To eliminate unnecessary burden on states and water systems, it has been decided that no pilot test for the 2020 State DWINSA will be conducted. A pilot test was conducted for the 1995 DWINSA and consisted of 60 CWSs from New York and Texas.
Starting with the 2015 State DWINSA, EPA began delivering all data collection instruments electronically rather than mailing hard copies, as was done for the 1995, 1999, 2003, 2007 and 2011 DWINSAs. States used the electronic data collection instruments in the 2015 DWINSA and expressed no concerns about using the electronic format. EPA believes this approach has been well tested and has proven to be successful; therefore, it is not necessary to repeat this testing step. Similarly, site visits were conducted for small CWSs in the 2007 State DWINSA and for small CWSs and NPNCWSs in the 1999 DWINSA, and EPA believes that this approach has proven to be successful and will not conduct any additional testing for the site visits to small CWSs and NPNCWSs in the 2020 DWINSA.

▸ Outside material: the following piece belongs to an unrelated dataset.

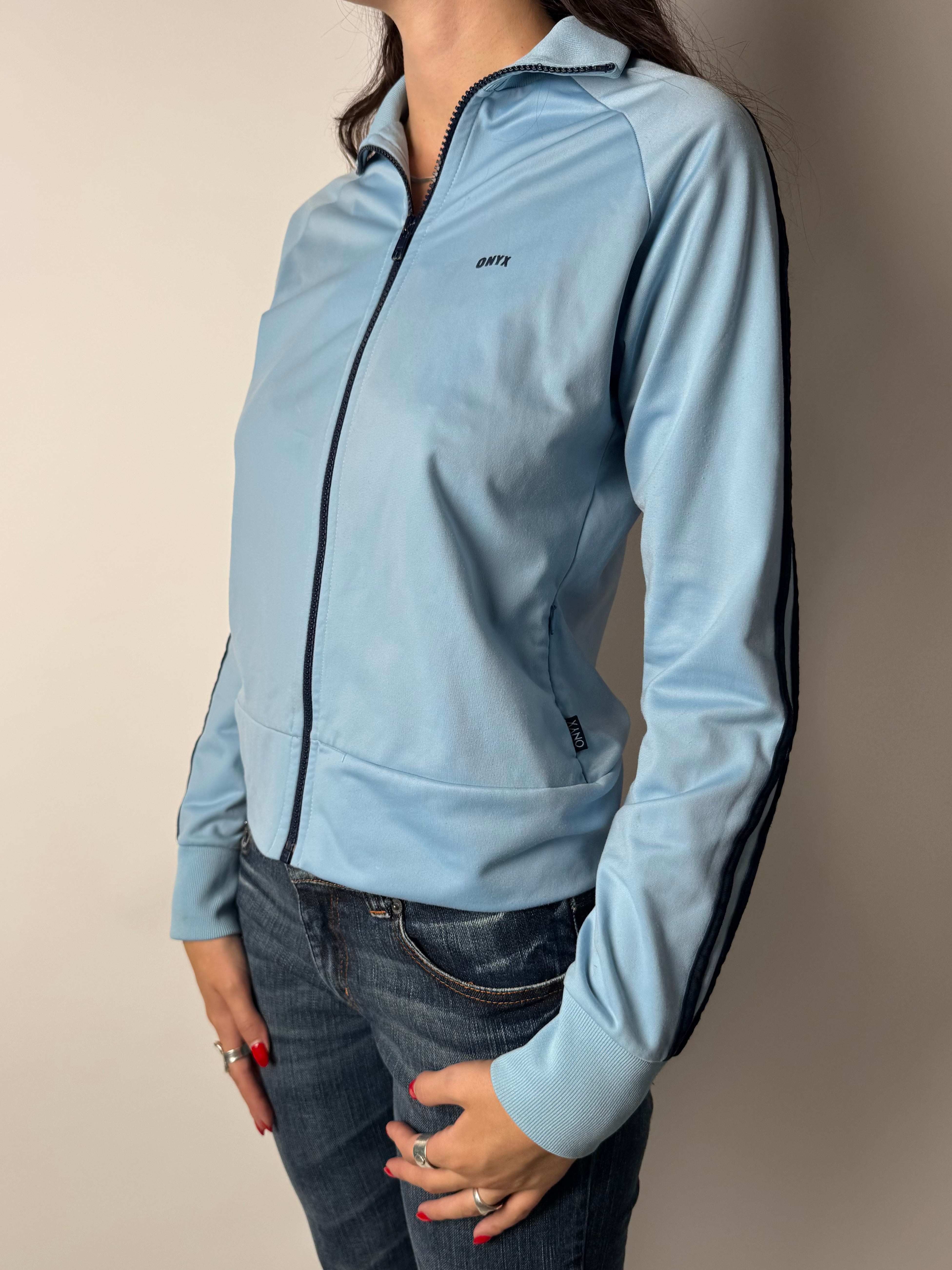 סווטשרט תכלת עם לוגו Onyx (S)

The proposed collection method is an electronic survey. The data collection instrument including the Lists of Codes will be sent to the states via e-mail. State drinking water agencies will provide the data collection instrument (with the project table prepopulated for systems that participated in 2015 and blank for those that did not) and other necessary documents to the systems in the sample. They will follow-up if the data collection instrument has not been returned in 30 days. For a complete description of the follow-up procedures proposed to increase the response rate, see section B.2.c.ii.
The proposed collection method for small systems and NPNCWSs is to visit each small system and NPNCWSs in the sample. An EPA contractor, accompanied by state personnel that choose to participate, will interview the owner or operator and fill in the data collection instrument for all costs except treatment costs. (Costs of treatment will be modeled, using methods similar to those used by the OGWDW for regulatory impact analyses for new regulations.)
The target response rate (defined as the ratio of responses to eligible respondents) for the 2020 State DWINSA is 90 percent. EPA realizes that this is an ambitious target, but EPA believes that there are special circumstances that warrant such a target. Also, overall response rates of 94, 97, 96, 93, 97, and 99.7 percent were achieved in the 1995, 1999, 2003, 2007, 2011, and 2015 surveys, respectively. In the first six surveys, EPA conducted the following activities to achieve that high response rate.
Seek Support from the Respondent Population. This is a national survey of infrastructure needs for drinking water systems. EPA will work to bring to the attention of water systems, as well as all national organizations representing these systems, the importance of the DWINSA results. As with the previous six surveys, all national organizations will be contacted by EPA to seek their endorsement of the DWINSA and to communicate to their members the importance of a high response rate to their members. As discussed in Section B.2.c, in past surveys, organizations have provided access to their newsletters and magazines to publicize and endorse participation in the DWINSA. For the 2020 State Survey, EPA will seek similar efforts by these organizations.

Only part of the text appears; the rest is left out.